Akmal took two catches from the bowling of Tanvir Ahmed and one each from Umar Gul, Wahab Riaz and spinner Abdur Rehman to help Pakistan position itself for a series victory.
Tanvir finished with 2-63 and Gul 2-53 as the Pakistan seamers were rewarded for a day of steady toil in windy conditions.
New Zealand's batsmen extended the pattern of the 10-wicket loss in the first Test, with a lack of perseverance or an inability to build on starts. Two wickets fell in each session and Ross Taylor's uncharacteristically painstaking 78 provided the backbone of the innings.
After winning the toss and batting, New Zealand lost Brendon McCullum in Gul's opening over and were unable for the rest of the day to establish any authority over the Pakistan bowlers.
It was 90-2 by lunch, 147-4 by tea and New Zealand was still trying to get back on even terms on a grassy but sound batting wicket when stumps were drawn.
Captain Daniel Vettori was 38 not out and wicketkeeper Reece Young 28 not out at the close of play, having added 66 for the seventh wicket in one of the day's few productive partnerships.
Taylor put on 52 for the third wicket with Martin Guptill (29) and 68 for the fifth wicket with James Franklin (33).
But when Tanvir dismissed Guptill and Jesse Ryder with successive deliveries in the 33rd over he effectively broke the back of the New Zealand top order.
Taylor sought to provide resistance but never succeeded in dominating the bowlers. He batted more than four hours for his 78 runs, taking 98 balls to reach his half century.
After being bought for US $1 million dollars in the recent Indian Premier League auction, Taylor was determined to show his talents were not only suited to the short form of the game and to answer doubts after two failures in the first Test.
While he provided more resistance than any other New Zealander on the first day, he looked like a man fighting for form and he was much less aggressive than is his nature, hitting only seven boundaries.

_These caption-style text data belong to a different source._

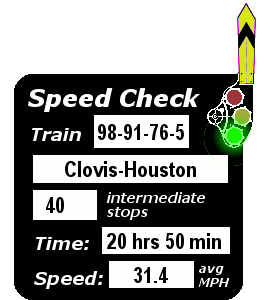 Train 98-91-76-5 (Clovis-Houston): 40 stops; 20:50; 31.4 MPH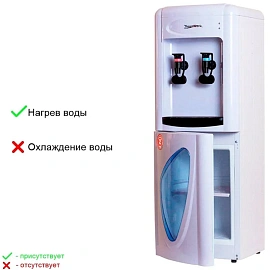 Кулер для воды Aqua Work 0.7LKR белый (только нагрев)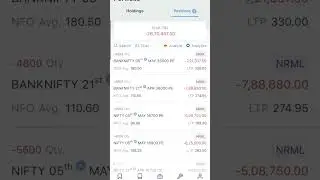 Big loss booking in stock market #optionstrategy #optiontrading #stockmarket #analysis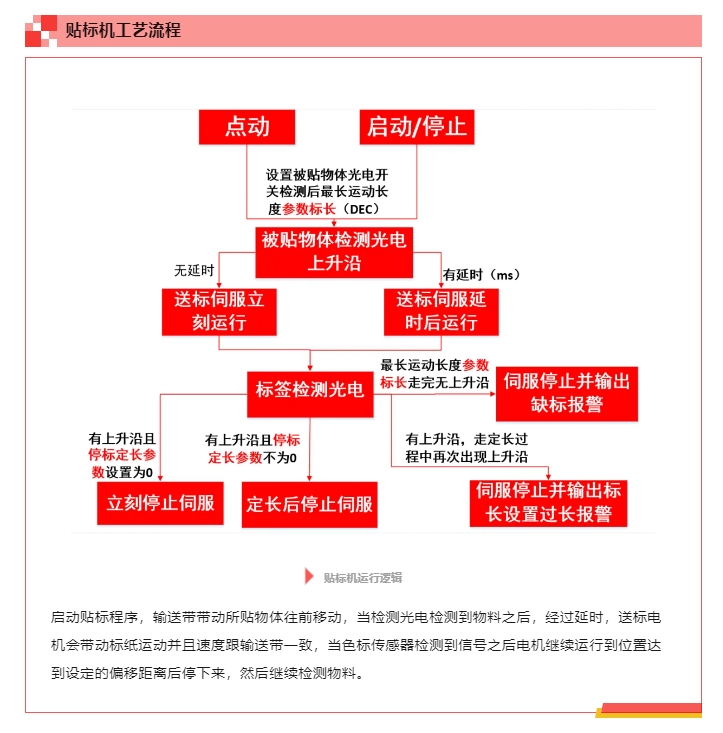 企業微信截圖_17127322328170.png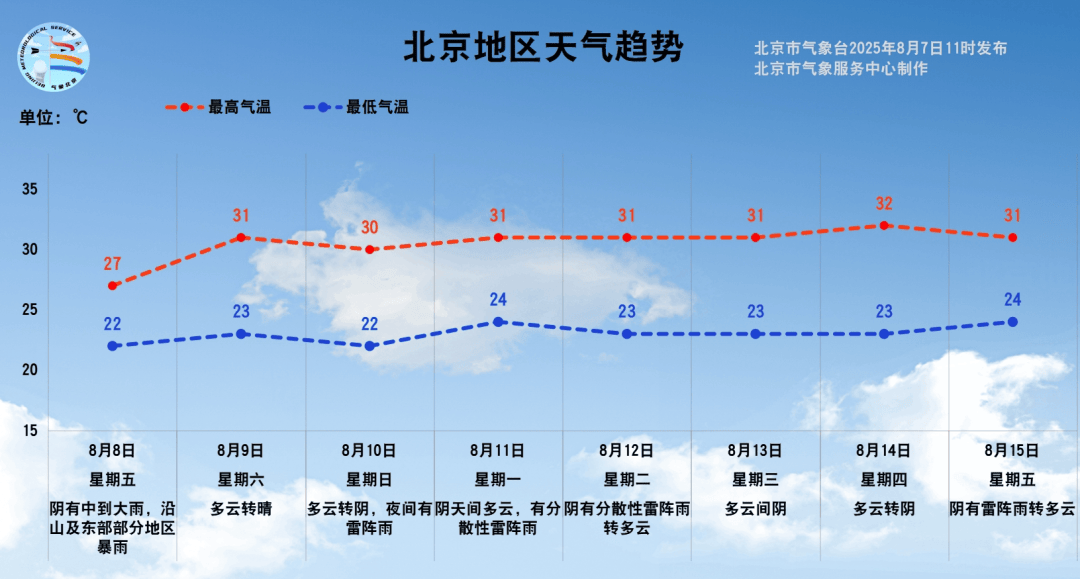 注意！明天北京全市中到大雨<strong></p>
<p>虚拟金刚币</strong>，部分地区暴雨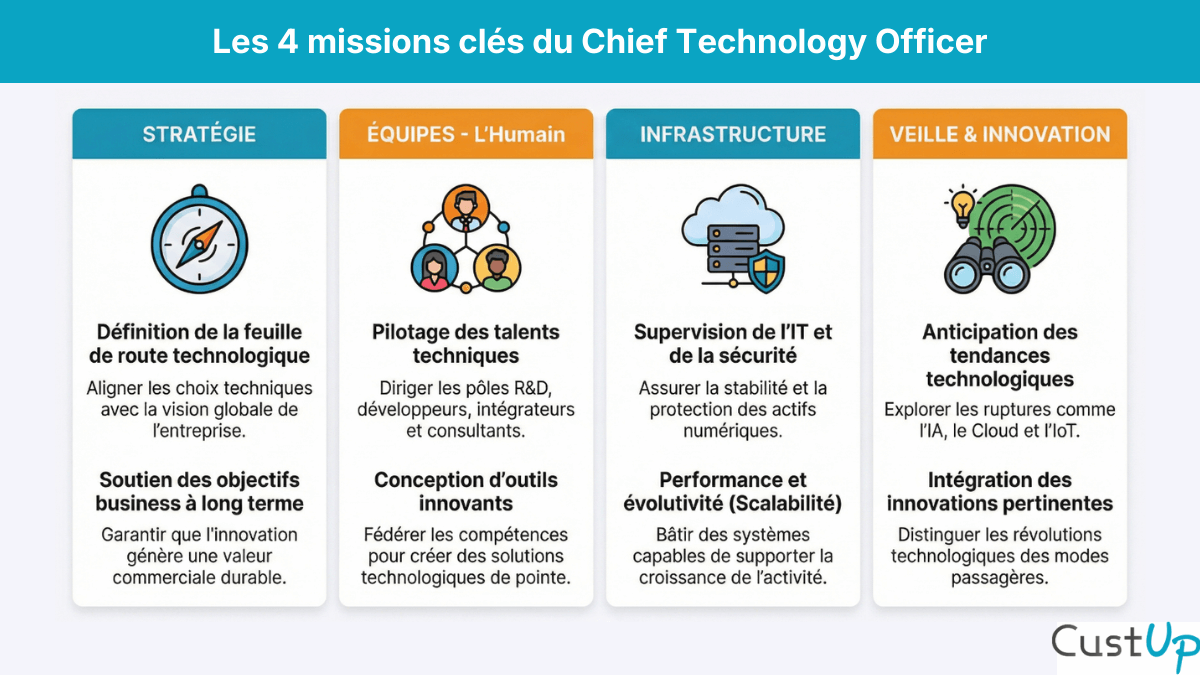 missions chief technology officer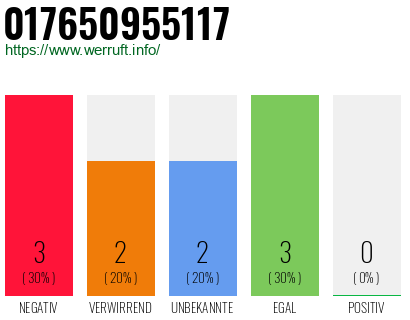 Rufnummer 017650955117 Telefonnummer 017650955117
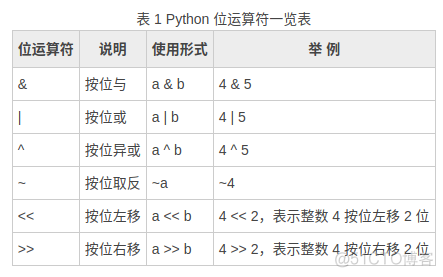 PythonM和N的数学运算 python中m与n的数学计算_Python_04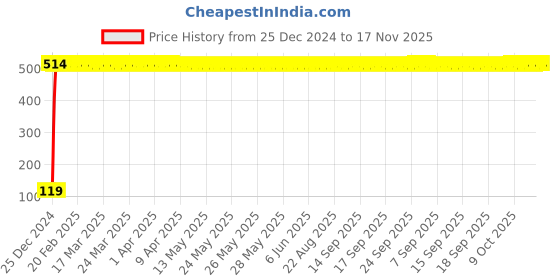 moglix.com JBRIDERZ Bike Jbr Horn 216 1 Pc For Honda Ace jbriderz Price History Graph from 25 Dec 2024 to 16 Nov 2025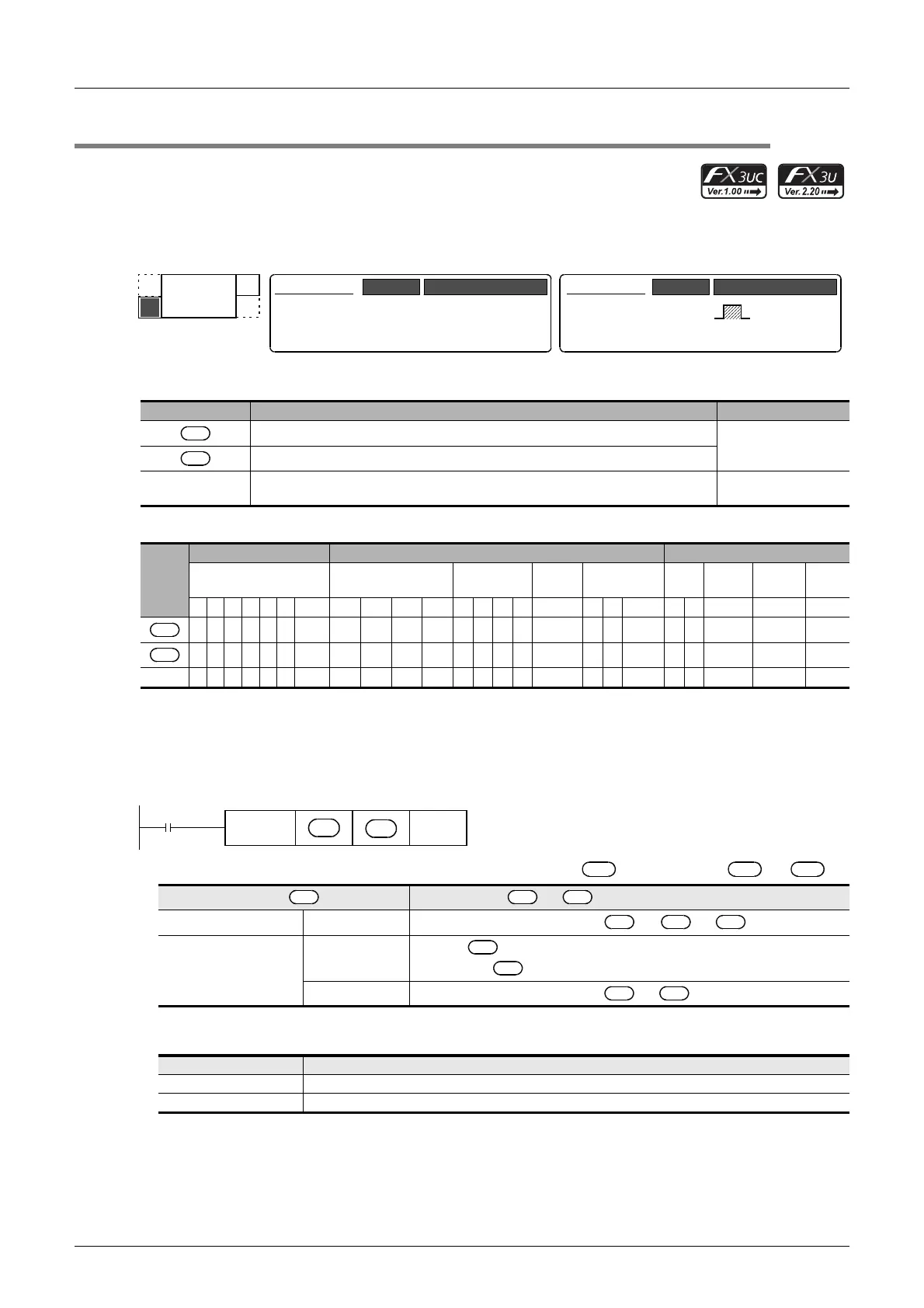 Page #592 background image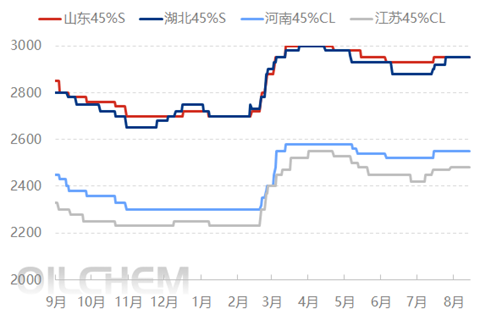 【隆众焦点】：磷酸一铵：“上游热、下游淡” 相互交织下的僵持格局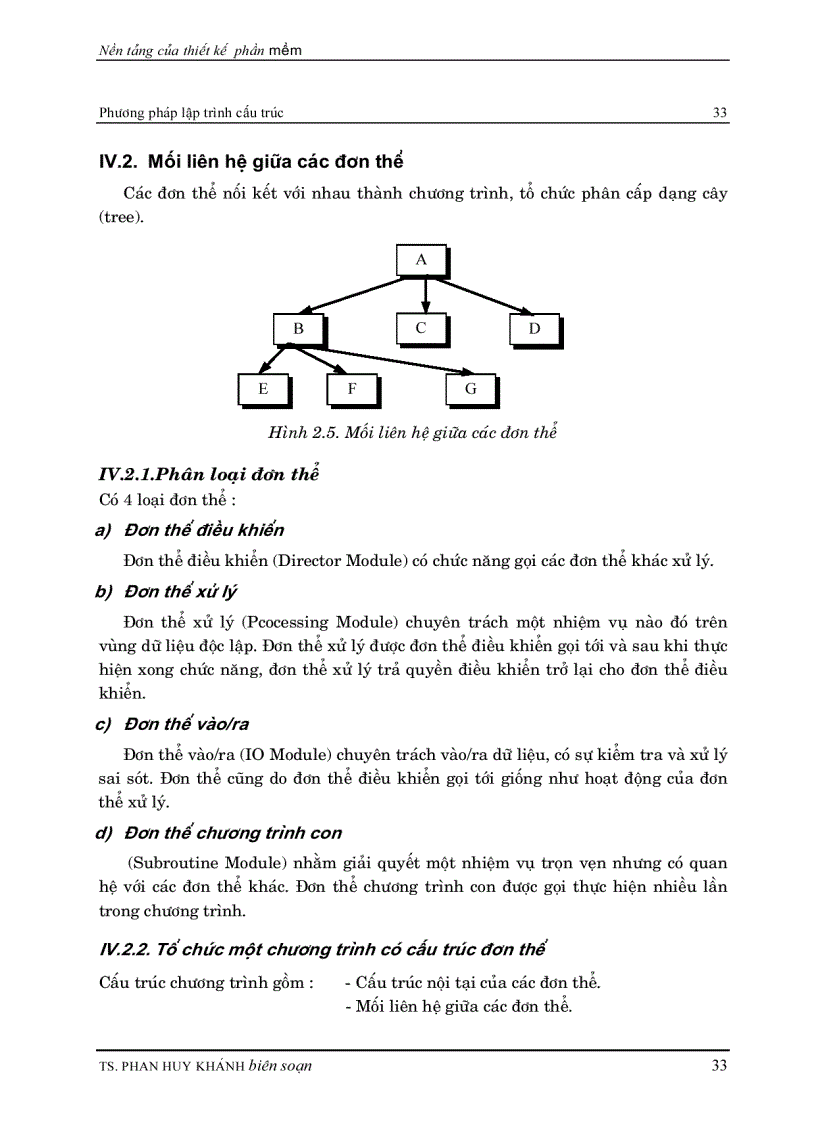 image for page Ebook Công nghệ phần mềm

Pakistan is fielding a depleted bowling attack in this series. The absence of Mohammad Asif and Mohammad Amir — both under suspension during an ICC investigation into spot fixing — should have weakened its seam bowling and the loss of Saeed Ajmal left it without its best spinner.
Instead, the diminished Pakistan attack has risen to the challenge and bowled better than the hosts throughout the series.
Gul has been an outstanding leader of the attack, bowling with pace in trying conditions and snaring early wickets in each innings of the series so far. Tanvir, though slower, and the left-armer Riaz have provided outstanding support, testing the New Zealand batsmen with an exacting line and length.